Intuitively, if your request is handled by 1 service you have 1 chance that your request lands at the extreme end of the latency distribution. If your requests require 20 services, that's 20 chances.

In reality maybe someone is able to make each microservice so much more performant and is able to deal with slow or failed requests gracefully in the UX. Some sites do, but it doesn't automatically by any means.
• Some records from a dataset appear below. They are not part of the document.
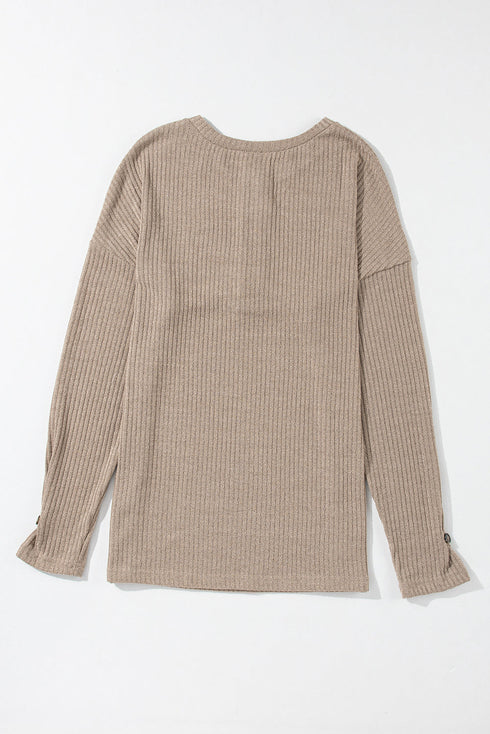 Ribbed Texture Button Front Long Sleeve Henley Top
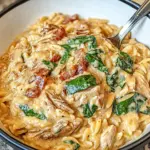 Slow Cooker Creamy Tuscan Chicken Orzo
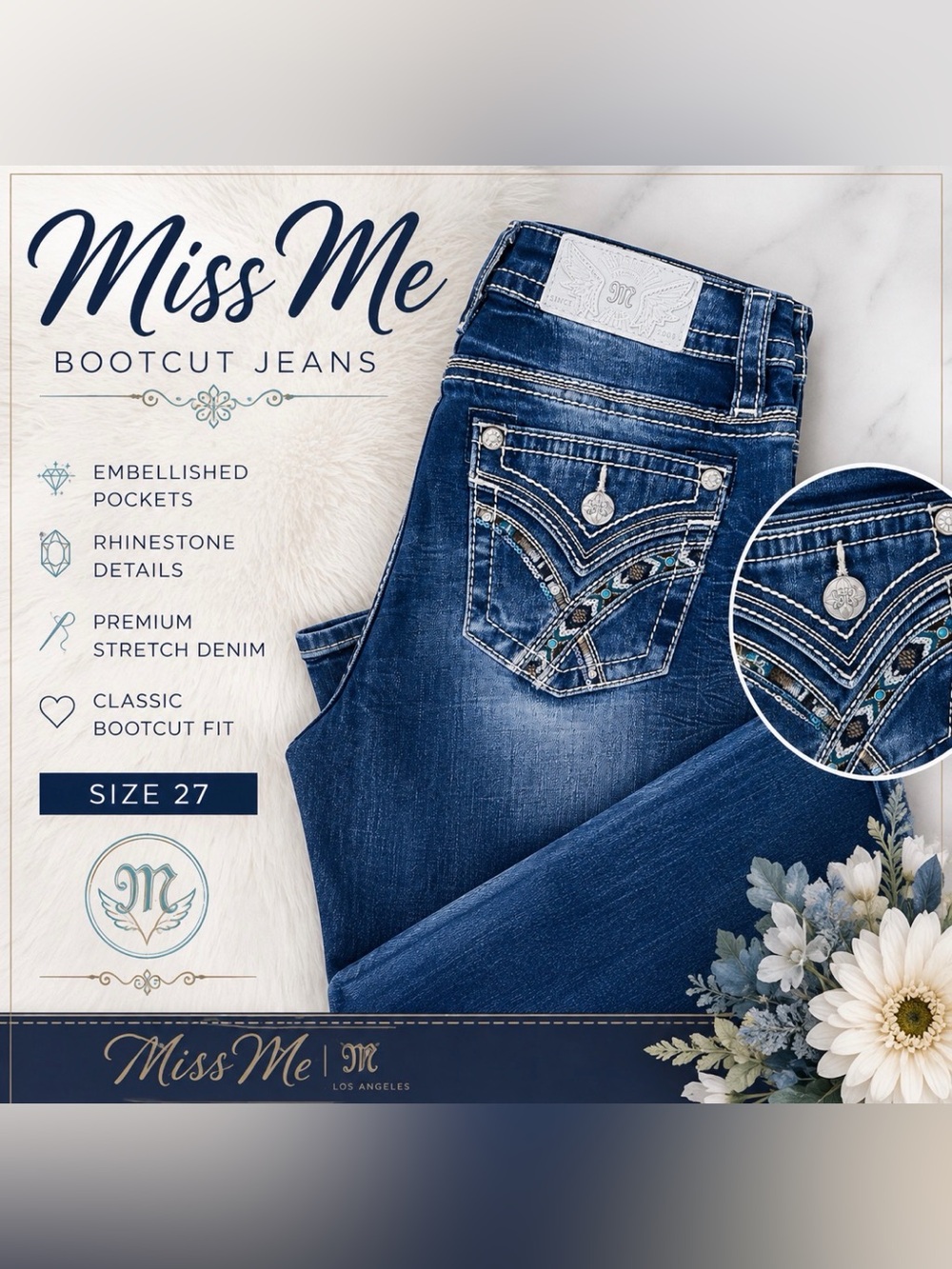 Miss Me Dark Blue Embellished Bootcut Jeans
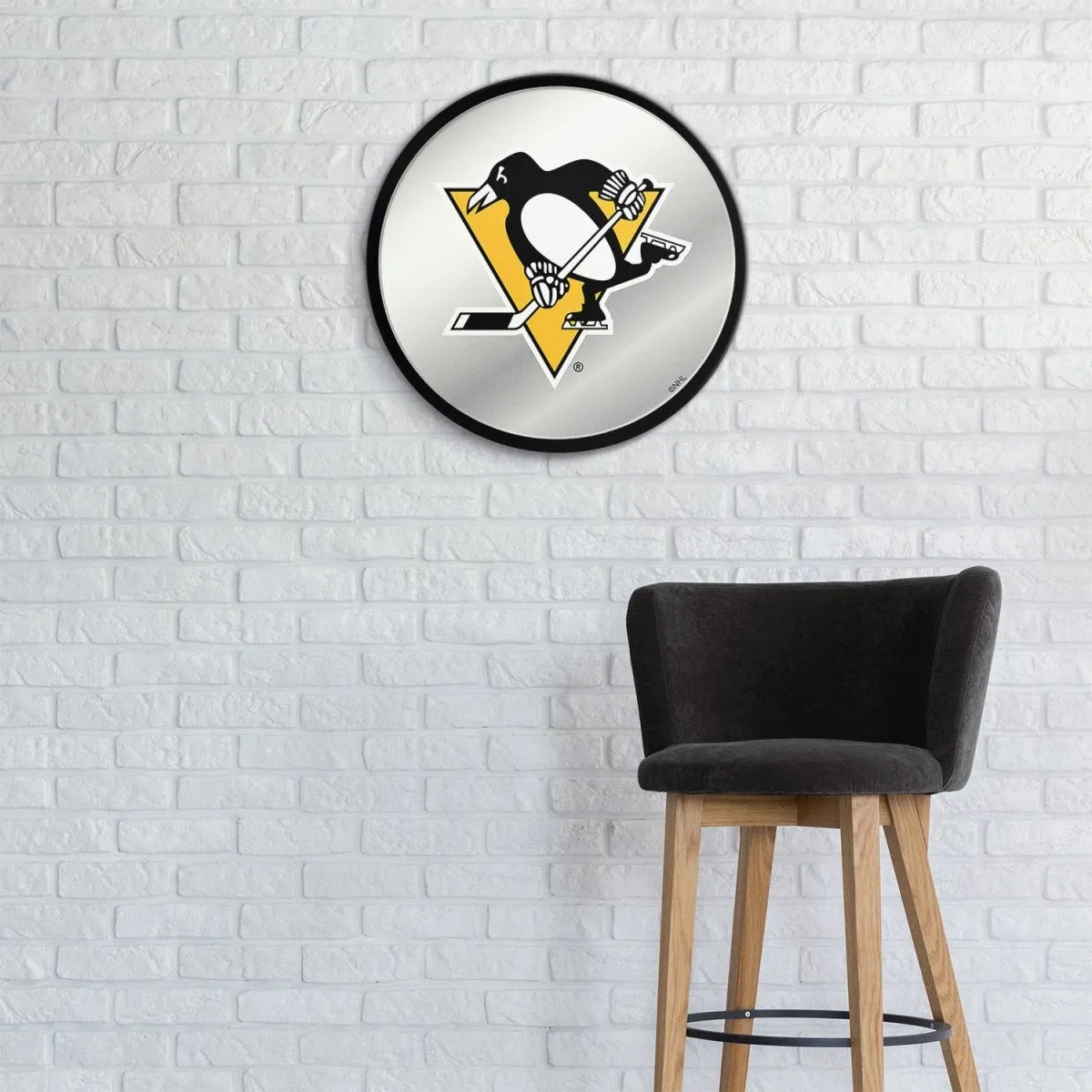 Pittsburgh Penguins: Modern Disc Mirrored Wall Sign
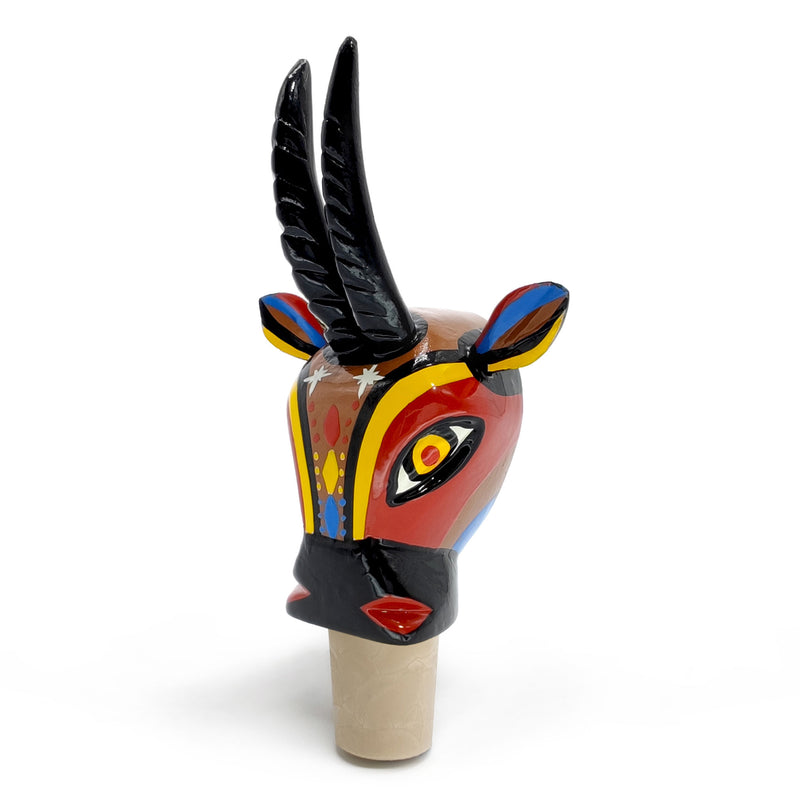 TAPÓN DECORATIVO PARA BOTELLAS - La cabra del carnaval - Madera tallada y pintada a mano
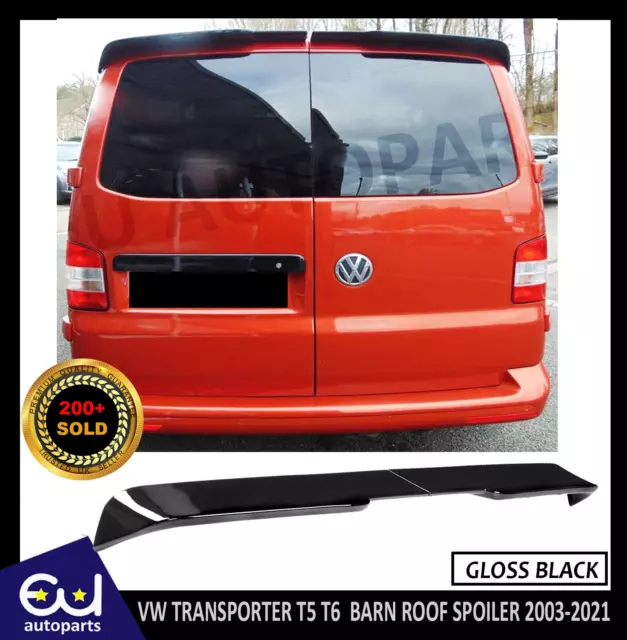 For Vw Transporter T5 T5.1 T6 T6.1 Glossy Black Rear Twin Barn Door Roof Spoiler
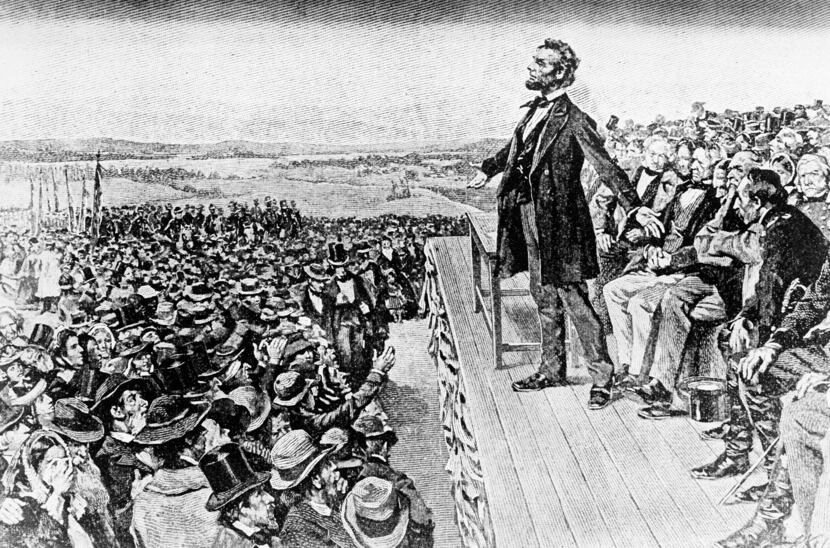 President Abraham Lincoln is depicted in an undated illustration delivering his Gettysburg...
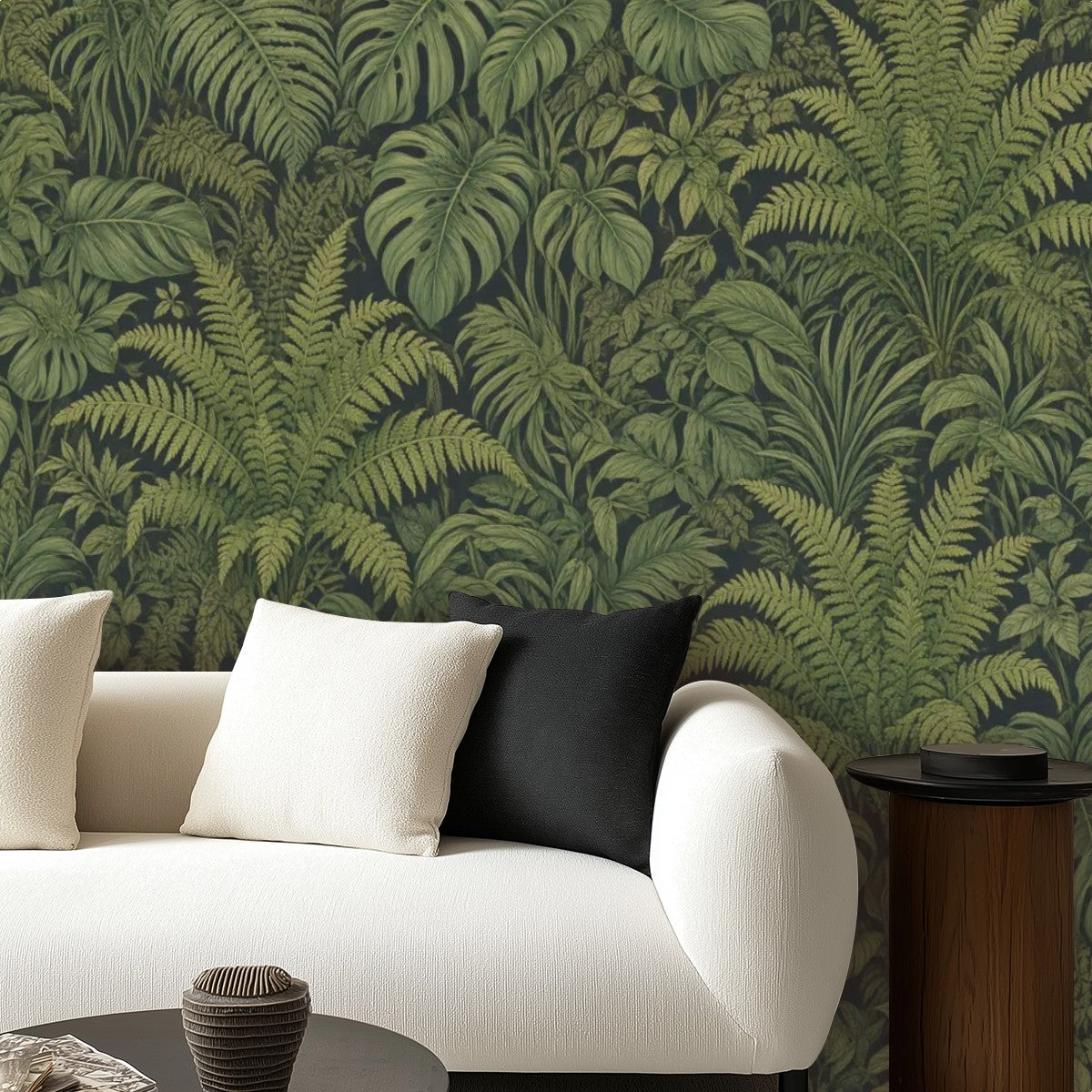 Dark Fern Jungle Peel and Stick Wallpaper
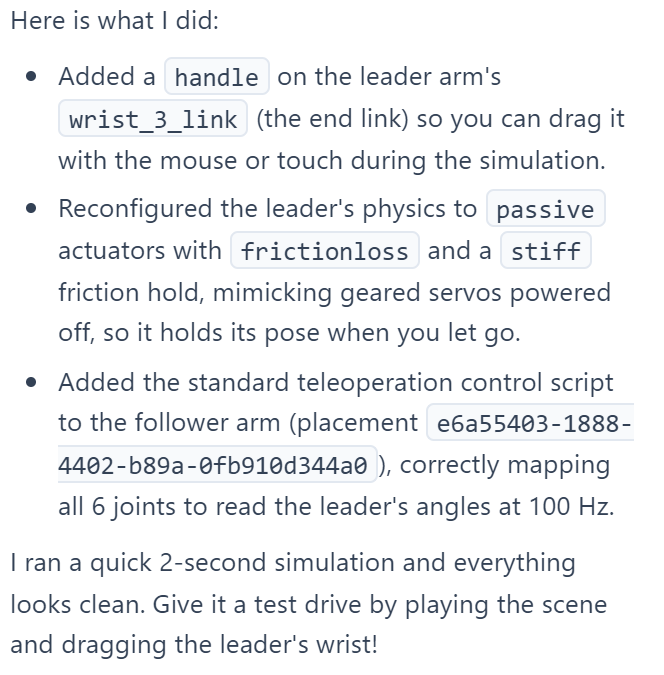 The agent's reply after setting up the rig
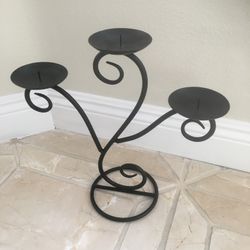 Large Natural wrought 13” Iron Pillar Candle Holders 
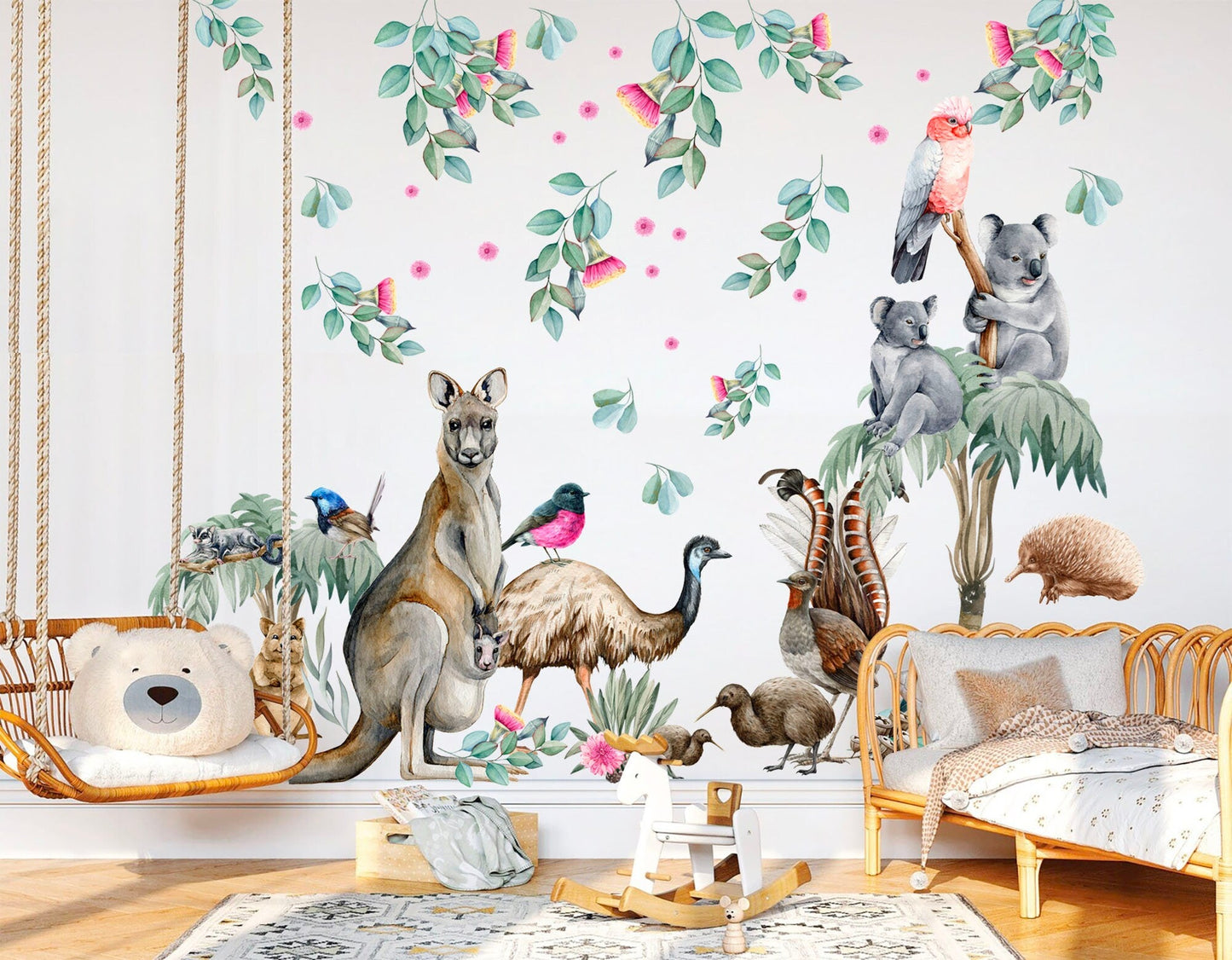 Aussie Animals and Flowers Kangaroo Koala Leaves Removable Wall Decal Peel and Stick - BR254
A couple weeks ago someone brought up High Frequency Trading and while in theory it didn’t tell me anything I didn’t already know, I’ve been chewing on the thesis of the linked article ever since: that the real trick to doing things quickly is to do them consistently. That variance causes far more kinds of practical problems than does average response time.
Slow is smooth; smooth is fast.
Indeed.
Saying a different way: for fork/join or barrier style parallel requests, stragglers set overall latency, and though the probability of any specific response being a straggler may be low, the probability of at least one response being a terrible straggler gets very high at large scales (or large fan-outs).
This a life changing video by Gil Tene on this topic. Bottom line is because of the number requests to support a single customer "request", the high percentiles are the ones that actually matter.

https://www.youtube.com/watch?v=lJ8ydIuPFeU&list=WL&index=22...